ASME 1993 Nadai Lecture—Elastoplastic Stress and Strain Concentrations

[+] Author and Article Information
William N. Sharpe

Department of Mechanical Engineering, The Johns Hopkins University, Baltimore, MD 21218

J. Eng. Mater. Technol 117(1), 1-7 (Jan 01, 1995) (7 pages) doi:10.1115/1.2804366 History: Received July 13, 1994; Online November 27, 2007


Elastic stress concentration factors are familiar and easily incorporated into the design of components or structures through charts or finite element analysis. However when the material at the most concentrated location no longer behaves elastically, computation of the local stresses and strains is not so easy. Local elastoplastic behavior is an especially important consideration when the loading is cyclic. This paper summarizes the predictive capability of the Neuber and the Glinka models that relate gross loading to the local stresses and strains.
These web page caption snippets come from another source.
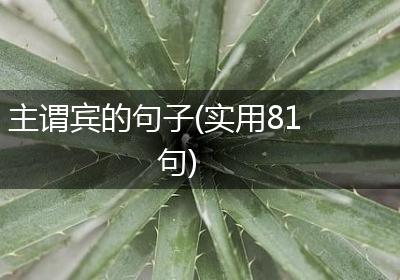 主谓宾的句子(实用81句)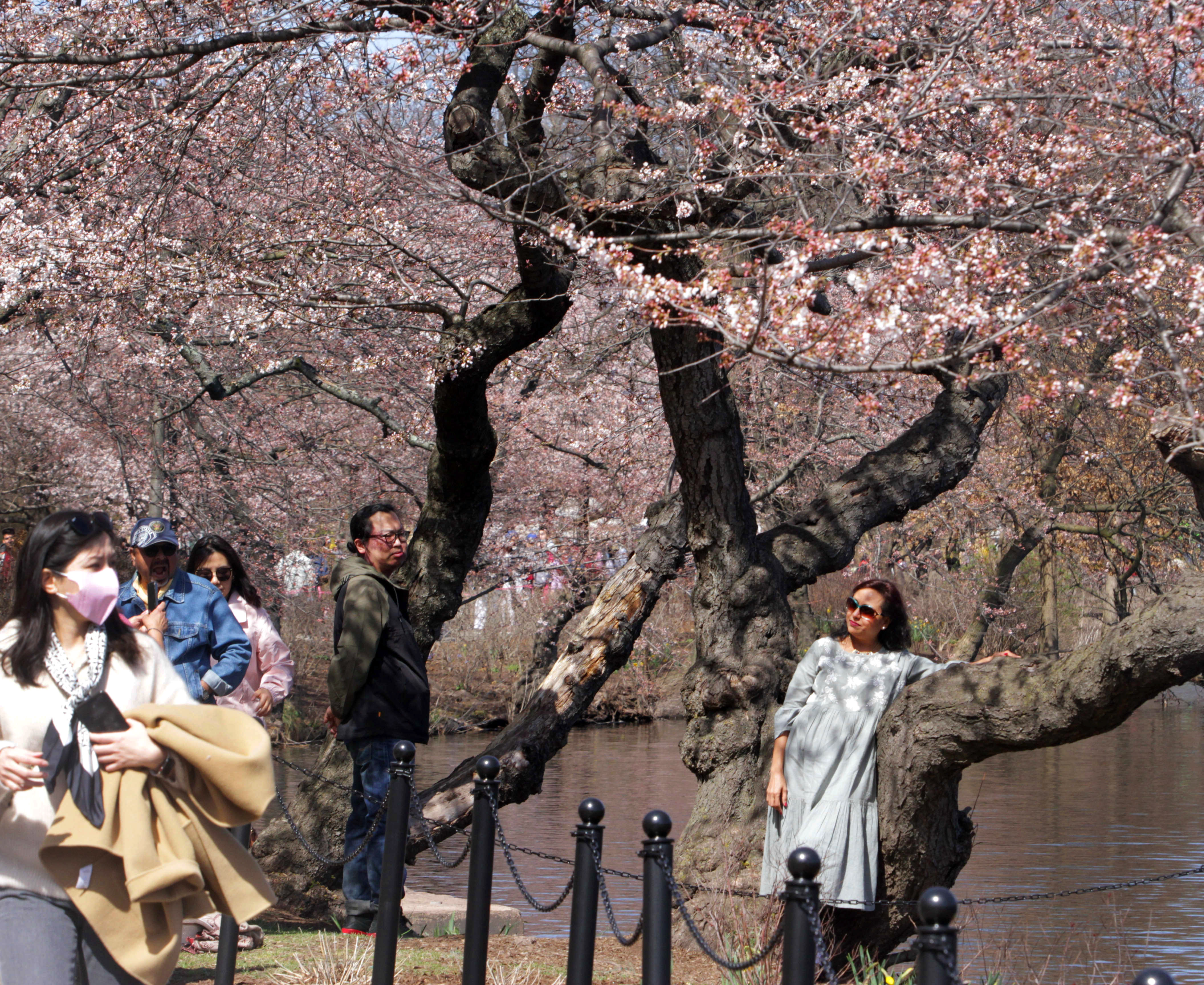 Beautiful Cherry Blossom Festivals in New Jersey - Everything Dee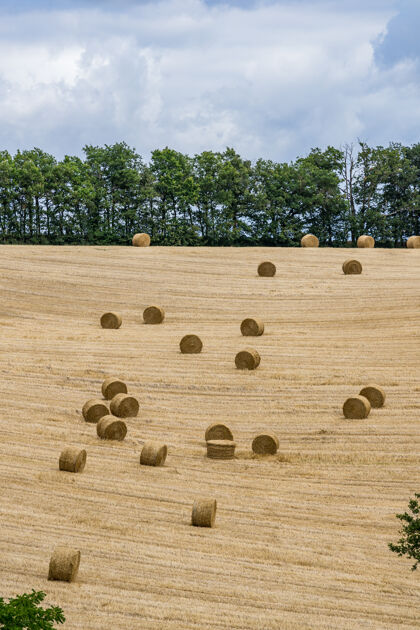 天空干草在农田上打滚 小麦收获的时候到了小麦户外乡村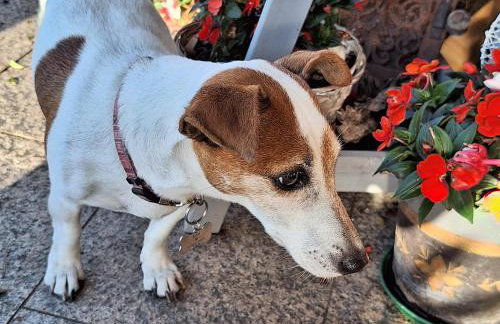 Christianshof - Photo 18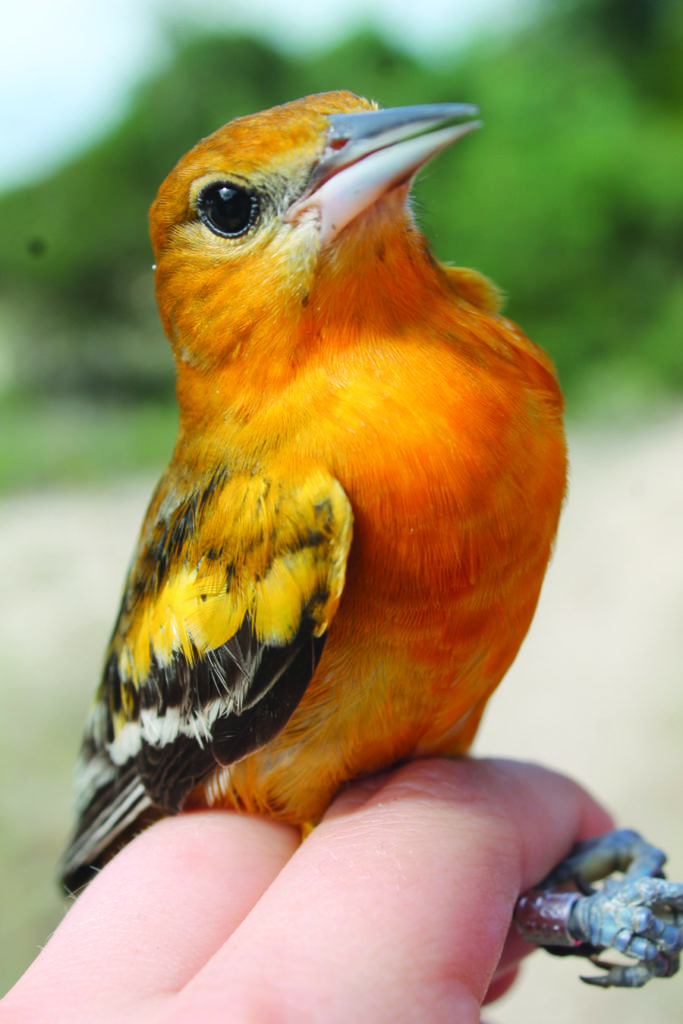 Baltimore oriole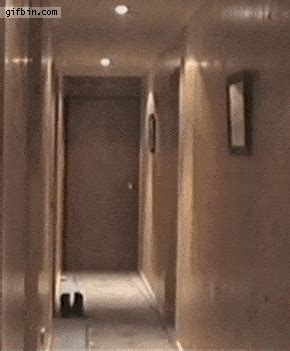 shutting door | Tag | PrimoGIF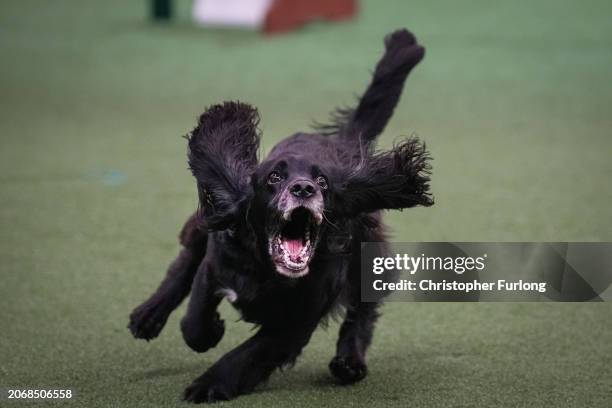 Spaniel takes part in the agility competition on day two of Crufts at the National Exhibition Centre on March 08, 2024 in Birmingham, England. Over...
The author and his students have used a unique laser-based technique capable of measuring biaxial strains over very short gage lengths to evaluate the two models. Their results, as well as those from earlier studies by other researchers using foil gages, lead to the general conclusion that the Neuber model works best when the local region is in a state of plane stress and the Glinka model is best for plane strain. There are intermediate levels of constraint that are neither plane stress nor plane strain. This paper presents a recommended practice for predicting the local elastoplastic stresses and strains for any constraint. First, one computes or estimates the initial elastic strains. Then, based on the amount of elastic constraint, one selects the appropriate model to compute the local elastoplastic stresses and strains.